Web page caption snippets
※ ※ ※
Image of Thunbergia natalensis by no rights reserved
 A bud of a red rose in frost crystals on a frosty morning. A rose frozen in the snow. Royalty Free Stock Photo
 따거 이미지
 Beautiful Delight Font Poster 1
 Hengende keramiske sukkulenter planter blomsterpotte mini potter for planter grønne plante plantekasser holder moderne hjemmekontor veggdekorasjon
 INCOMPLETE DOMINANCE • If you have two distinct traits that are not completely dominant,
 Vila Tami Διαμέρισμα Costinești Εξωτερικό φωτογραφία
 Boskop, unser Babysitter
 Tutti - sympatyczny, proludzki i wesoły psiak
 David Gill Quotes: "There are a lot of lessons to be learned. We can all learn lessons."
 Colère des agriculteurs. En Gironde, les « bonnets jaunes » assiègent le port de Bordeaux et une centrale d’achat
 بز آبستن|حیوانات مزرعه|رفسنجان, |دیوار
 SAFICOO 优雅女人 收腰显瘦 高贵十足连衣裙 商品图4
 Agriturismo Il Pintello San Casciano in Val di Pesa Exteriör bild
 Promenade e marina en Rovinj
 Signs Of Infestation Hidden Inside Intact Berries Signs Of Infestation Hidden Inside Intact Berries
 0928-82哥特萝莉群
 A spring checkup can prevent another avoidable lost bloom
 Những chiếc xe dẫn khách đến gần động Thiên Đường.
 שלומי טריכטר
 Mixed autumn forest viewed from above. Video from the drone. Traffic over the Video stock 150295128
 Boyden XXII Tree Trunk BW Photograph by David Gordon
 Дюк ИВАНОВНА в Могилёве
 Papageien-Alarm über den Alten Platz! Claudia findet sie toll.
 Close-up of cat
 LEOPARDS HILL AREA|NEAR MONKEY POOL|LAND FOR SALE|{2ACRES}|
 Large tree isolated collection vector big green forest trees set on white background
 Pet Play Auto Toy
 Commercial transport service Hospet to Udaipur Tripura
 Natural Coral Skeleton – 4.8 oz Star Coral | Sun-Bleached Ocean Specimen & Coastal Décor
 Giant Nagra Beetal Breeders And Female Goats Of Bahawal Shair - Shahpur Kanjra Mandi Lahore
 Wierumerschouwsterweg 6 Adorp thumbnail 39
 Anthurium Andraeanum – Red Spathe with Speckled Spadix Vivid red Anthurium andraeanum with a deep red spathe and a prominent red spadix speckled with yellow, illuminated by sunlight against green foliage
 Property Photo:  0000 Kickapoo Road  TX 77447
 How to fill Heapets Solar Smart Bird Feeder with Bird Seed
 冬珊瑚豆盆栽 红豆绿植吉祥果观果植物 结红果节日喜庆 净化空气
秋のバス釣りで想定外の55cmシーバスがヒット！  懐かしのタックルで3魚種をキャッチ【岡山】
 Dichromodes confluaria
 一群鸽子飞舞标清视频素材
※ ※ ※
• _TRY IT_
Nothing in the entries may change. Retype them all.

• _TASK ANSWER_
Image of Thunbergia natalensis by no rights reserved
 A bud of a red rose in frost crystals on a frosty morning. A rose frozen in the snow. Royalty Free Stock Photo
 따거 이미지
 Beautiful Delight Font Poster 1
 Hengende keramiske sukkulenter planter blomsterpotte mini potter for planter grønne plante plantekasser holder moderne hjemmekontor veggdekorasjon
 INCOMPLETE DOMINANCE • If you have two distinct traits that are not completely dominant,
 Vila Tami Διαμέρισμα Costinești Εξωτερικό φωτογραφία
 Boskop, unser Babysitter
 Tutti - sympatyczny, proludzki i wesoły psiak
 David Gill Quotes: "There are a lot of lessons to be learned. We can all learn lessons."
 Colère des agriculteurs. En Gironde, les « bonnets jaunes » assiègent le port de Bordeaux et une centrale d’achat
 بز آبستن|حیوانات مزرعه|رفسنجان, |دیوار
 SAFICOO 优雅女人 收腰显瘦 高贵十足连衣裙 商品图4
 Agriturismo Il Pintello San Casciano in Val di Pesa Exteriör bild
 Promenade e marina en Rovinj
 Signs Of Infestation Hidden Inside Intact Berries Signs Of Infestation Hidden Inside Intact Berries
 0928-82哥特萝莉群
 A spring checkup can prevent another avoidable lost bloom
 Những chiếc xe dẫn khách đến gần động Thiên Đường.
 שלומי טריכטר
 Mixed autumn forest viewed from above. Video from the drone. Traffic over the Video stock 150295128
 Boyden XXII Tree Trunk BW Photograph by David Gordon
 Дюк ИВАНОВНА в Могилёве
 Papageien-Alarm über den Alten Platz! Claudia findet sie toll.
 Close-up of cat
 LEOPARDS HILL AREA|NEAR MONKEY POOL|LAND FOR SALE|{2ACRES}|
 Large tree isolated collection vector big green forest trees set on white background
 Pet Play Auto Toy
 Commercial transport service Hospet to Udaipur Tripura
 Natural Coral Skeleton – 4.8 oz Star Coral | Sun-Bleached Ocean Specimen & Coastal Décor
 Giant Nagra Beetal Breeders And Female Goats Of Bahawal Shair - Shahpur Kanjra Mandi Lahore
 Wierumerschouwsterweg 6 Adorp thumbnail 39
 Anthurium Andraeanum – Red Spathe with Speckled Spadix Vivid red Anthurium andraeanum with a deep red spathe and a prominent red spadix speckled with yellow, illuminated by sunlight against green foliage
 Property Photo:  0000 Kickapoo Road  TX 77447
 How to fill Heapets Solar Smart Bird Feeder with Bird Seed
 冬珊瑚豆盆栽 红豆绿植吉祥果观果植物 结红果节日喜庆 净化空气
秋のバス釣りで想定外の55cmシーバスがヒット！  懐かしのタックルで3魚種をキャッチ【岡山】
 Dichromodes confluaria
 一群鸽子飞舞标清视频素材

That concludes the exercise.